The group believes Queenstown can benefit from more than its natural attractions.
The group believes Queenstown can benefit from more than its natural attractions.
Come for the mountains, stay to build a high-value, high-wage economy.

AJ Mason
AJ Mason

While tourism is seen as something of a blessing and a curse by many Queenstown residents, one group believes it can help the town prosper in a different sector.

Start Up Queenstown Lakes (SQL) was on Thursday allocated an initial $220,000 by Queenstown Lakes District Council when it adopted its 2018-28 10-year plan.

SQL supports start-up businesses by offering mentoring, events, and upskilling entrepreneurs.

Astrophysicist AJ Mason, one of the core members, said funding would be used to connect "fascinating and highly-skilled people" who are full-time and part-time residents. And they can also connect to visitors, who in time will begin to see the resort also as a centre of innovation, helping it to diversify from its low-wage tourism-centric economy.

"There’s a couple of serious ways we don’t look like Cambridge or Silicon Valley — a centralised source of high-skilled, highly-technical but potentially not-so-entrepreneurial folks is a shortfall.

"But while we might not have 10,000 students and 200 professors, in any given year we have far more people passing through.

"So many are technically skilled, entrepreneurially skilled, or in that demographic where they could be angel investors."

They can help existing business, create businesses themselves where skilled locals can find work, or fund more start-ups.

The group, which has evolved from The Cube in Wanaka, has 30 mentors and a database of more than 360 people.

It has already held various self-funded events, including breakfast meets and sessions with New Zealand’s innovation agency Callaghan Innovation.

The work has been about creating a "functioning eco-system" between the creative and skilled people and businesses in the community — essentially introducing them all to each other.

"We’re not good at finding each other. It’s about connecting fascinating and skilled folk, changing the connection from wheel-and-spoke into a mesh, so the opportunities can flow from there."

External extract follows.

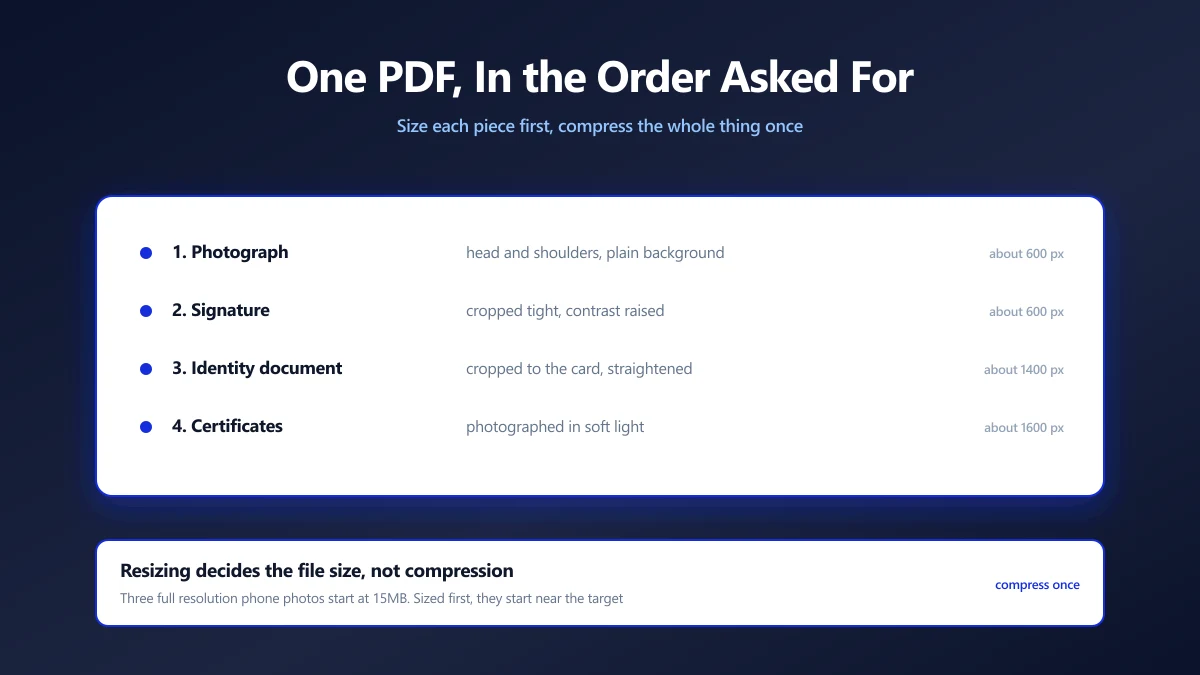 The four parts of a combined application PDF with the size each one needs | ImagePDF.Tools | ImagePDF.Tools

The focus is on start-ups in the short term but a longer-term aim is to attract research institutes, tertiary educators and existing heavy-hitting tech companies.

They move slowly, though.

"As opposed to those, the small nimble, ambitious and potentially extraordinary start-ups are what we’re looking to target."

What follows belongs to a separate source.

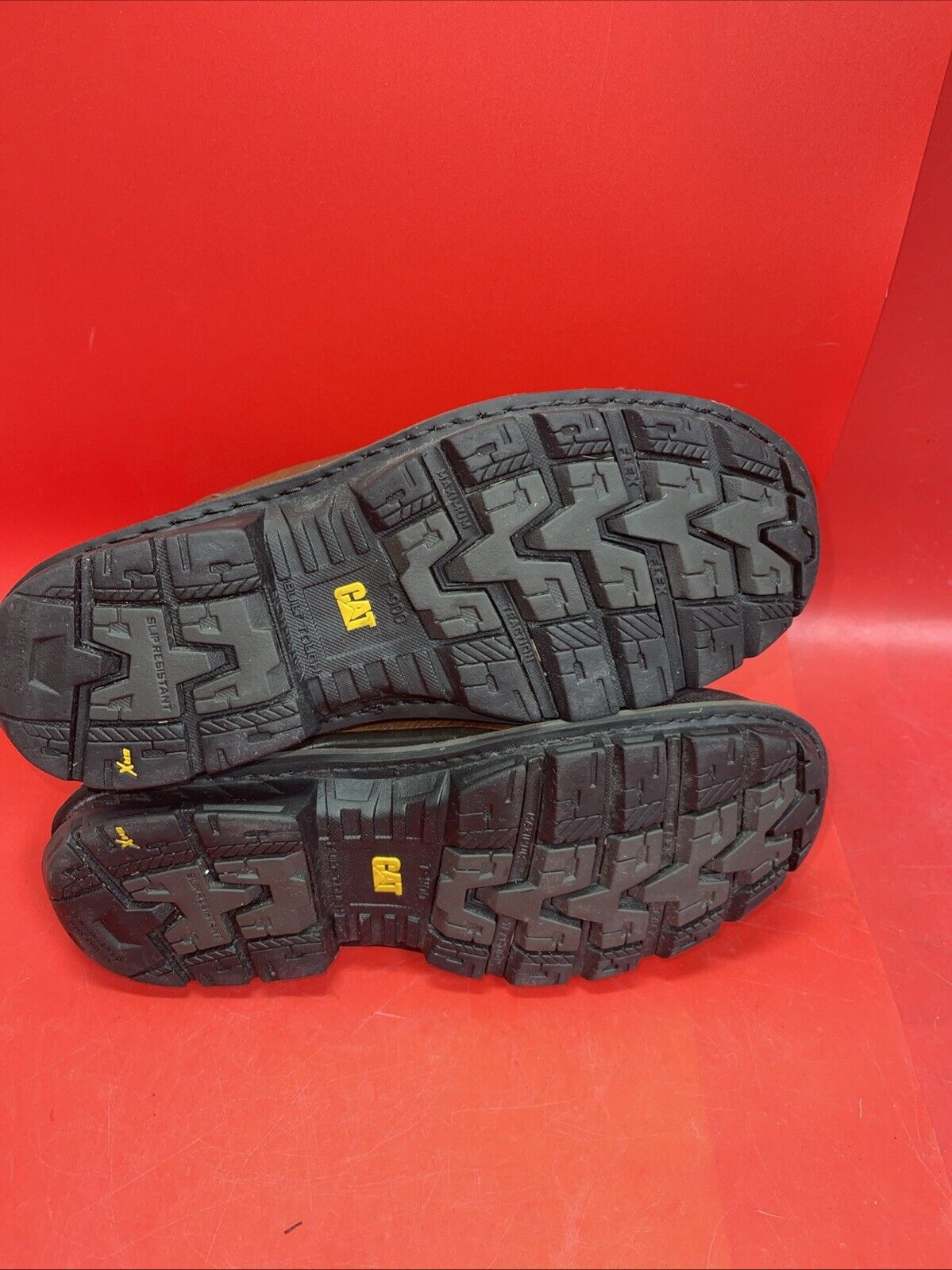 Caterpillar Flexion Manifold Leather Steel Toe Men's Work Boots Color Oak US 9.5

Mr Mason said the funding, for 2018-19 in the 10-year plan’s first annual allocation, is "incredibly important".

"Across the district, there’s momentum under way but essentially it’s been resourced internally.

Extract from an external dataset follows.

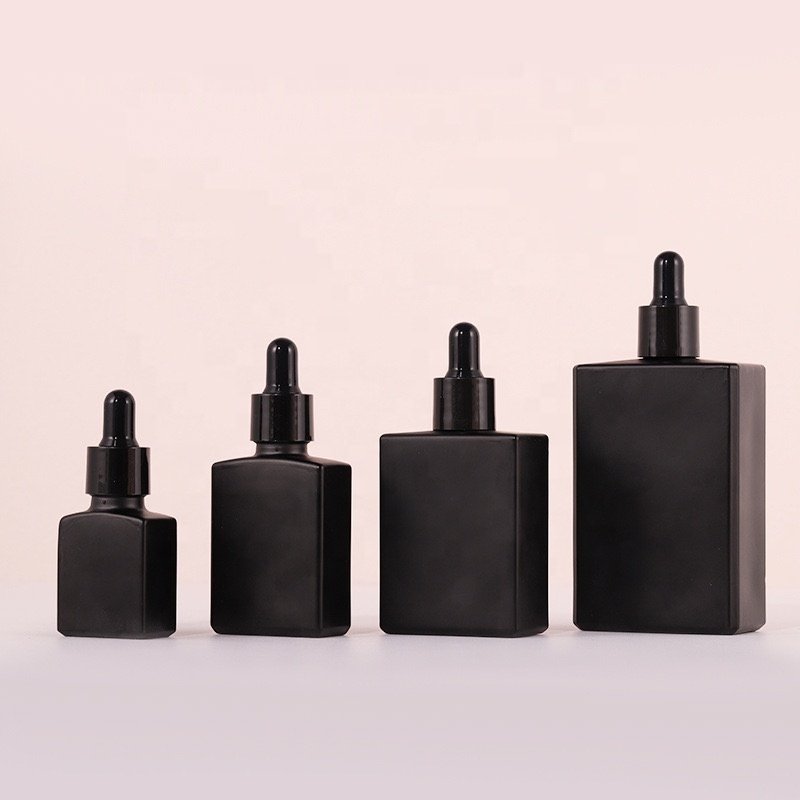 Unique Design Empty 30ml 1oz 50ml 100ml French Square Matt Black Glass Essential Oil Dropper Bottle With Serum Pipette (GSA28)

"This gives us real resource to progress forward on the opportunities. If it’s a snowball, we’ve finally hit something boulder-sized after pushing a pebble down the mountain.

"Essentially, this is all about the future and what’s next for Queenstown."

Queenstown Lakes councillor Ross McRobie said the aim was to spark entrepreneurs to turn ideas into reality.

"We want to be a business base for ambitious entrepreneurs bringing something new and innovative into the district, not be known as a bolthole for those who have already made it."

A further $160,000 has been ring-fenced by QLDC for other economic development initiatives still in the planning phase.

One of these projects is a collaboration with the Queenstown Chamber of Commerce to help employers recruit and retain staff.